Image copyright © by Marcus Trahan

Don’t Breathe


We are in Detroit (the movie was actually shot mostly in Hungary!) in one of those blighted neighborhoods where all the houses for blocks around are empty. The windows are blown out and scorch marks climb the walls from previous Devil’s Nights (a Detroit institution where Detroit residents demonstrate their love of their city by trying to burn it down every October 30th, the night before Halloween). But one house is still kept up and inhabited.

We meet three young adults. There is “Money,” one of those ridiculous white guys who braids his hair in cornrows, addresses everybody as “bro,” and calls his girlfriend his “bitch.” Then there is the bitch, Rocky, and lastly Alex, a kid who obviously has a torch bigger than the Statue of Liberty’s burning for Rocky. Rocky and Alex seem to have a modicum of sense (though how smart could she be to have Money for a boyfriend?). Alex’s old man works for a security company and he has access to the entry codes for a lot of swanky houses. They break in, turn off the alarm, and loot to their hearts’ content, then throw a brick through a window when they leave to make it look like a junkie snatch-and-grab. You will instantly despise Money, who goes around breaking stuff just for kicks, and pisses all over the kitchen floor.

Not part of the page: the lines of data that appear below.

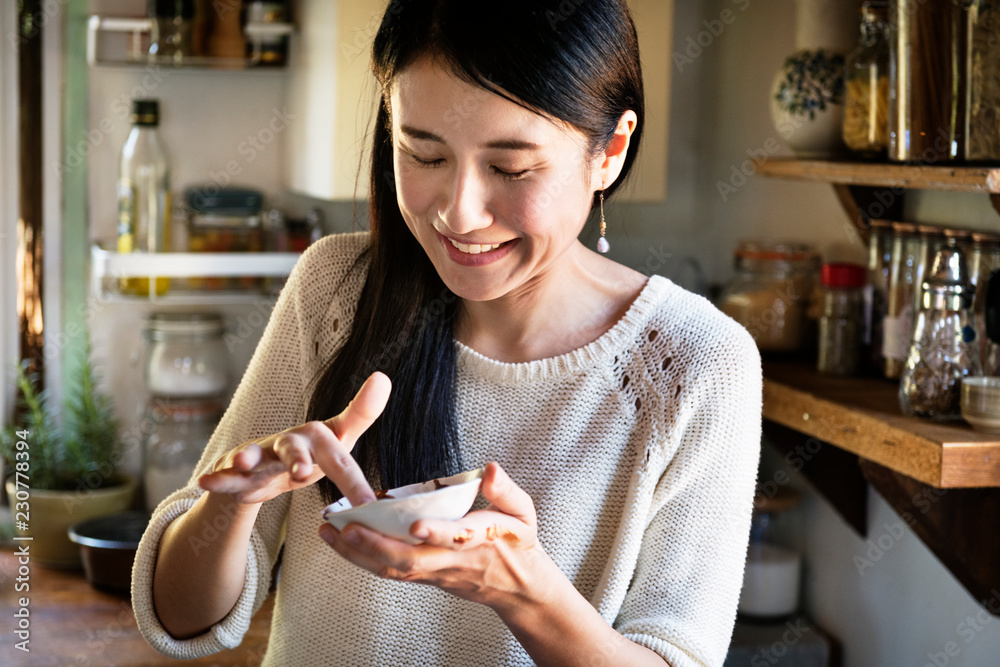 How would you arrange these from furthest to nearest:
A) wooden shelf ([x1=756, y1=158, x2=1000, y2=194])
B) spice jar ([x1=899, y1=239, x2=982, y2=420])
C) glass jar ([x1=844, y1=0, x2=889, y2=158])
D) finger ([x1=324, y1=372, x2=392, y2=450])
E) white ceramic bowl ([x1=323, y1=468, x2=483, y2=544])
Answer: glass jar ([x1=844, y1=0, x2=889, y2=158])
spice jar ([x1=899, y1=239, x2=982, y2=420])
wooden shelf ([x1=756, y1=158, x2=1000, y2=194])
finger ([x1=324, y1=372, x2=392, y2=450])
white ceramic bowl ([x1=323, y1=468, x2=483, y2=544])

Then they learn of an Army veteran whose daughter was killed by a rich girl in a hit-and-run. She was found not guilty (rich kids don’t go to jail, just ask Ethan Couch), but the family pays the man a lot of money, maybe up to $300,000. The kids decide they will break in. But the man seldom leaves the house, and when he does, it is with a vicious Rottweiler. When they finally see him they realize that he is blind. Alex suffers a moment of doubt … ain’t it kind of mean to take advantage of a blind man? But Money and Rocky are all for it, and since he is blind and helpless, let’s do it tonight, when he’s asleep. Trouble is, the place is a fortress, with barred windows, multiple locks on all the doors, and other stuff like that. They take that as encouragement. Obviously he’s trying to keep the money safe. So they drug the dog outside and find a way in. But once inside they realize that he’s not as helpless as they thought. There isn’t much light, and he knows every inch of the place. When he turns all the lights out, they are well and truly fucked.

I will reveal something here that I am sure you knew was coming: Money is the first one to be killed. I wanted to shout hurray! Now it becomes a cat and mouse game, because he doesn’t intend to let the other two leave alive.

I read several reviews that were (mostly) complimentary, but very little mention was made of the moral dilemma here. As in, who do you root for in a situation like that? The kids? The fuckers are felons, they are asking for everything they get. Oh, sure, we are shown an obligatory scene before the break-in where we see that Rocky is trying to save up money so she can take her little sister away from a drunken mother and her piece of shit boyfriend and move to California. That sound you hear is me playing a forlorn song on a very tiny violin. Boo hoo. That is not a justification for robbing a blind man, or even a rich one. The writers fuzzy up the issue by making the blind man a pretty nasty individual (though he has plenty of reason to be nasty, and is probably clinically insane), but the kids didn’t know that going in. For all they knew he was a swell guy and will now be reduced to sitting on a street corner with a tin cup.

I know we are supposed to be rooting for Rocky, and as the story unfolds you sort of can’t help doing that, at least a little, as she really, really suffers for her mistake. But I didn’t like her. I didn’t like any of them, though I felt a certain respect for the blind man.

Other than pondering the moral outlook of the movie, it is a decent thriller that doesn’t rely too heavily on jump scares. Most of the action is at least plausible. The camera work is outstanding, really putting you into the spooky darkness, blundering around with the intruders, never having much idea what’s ahead. It’s worth watching if you are into this sort of thing.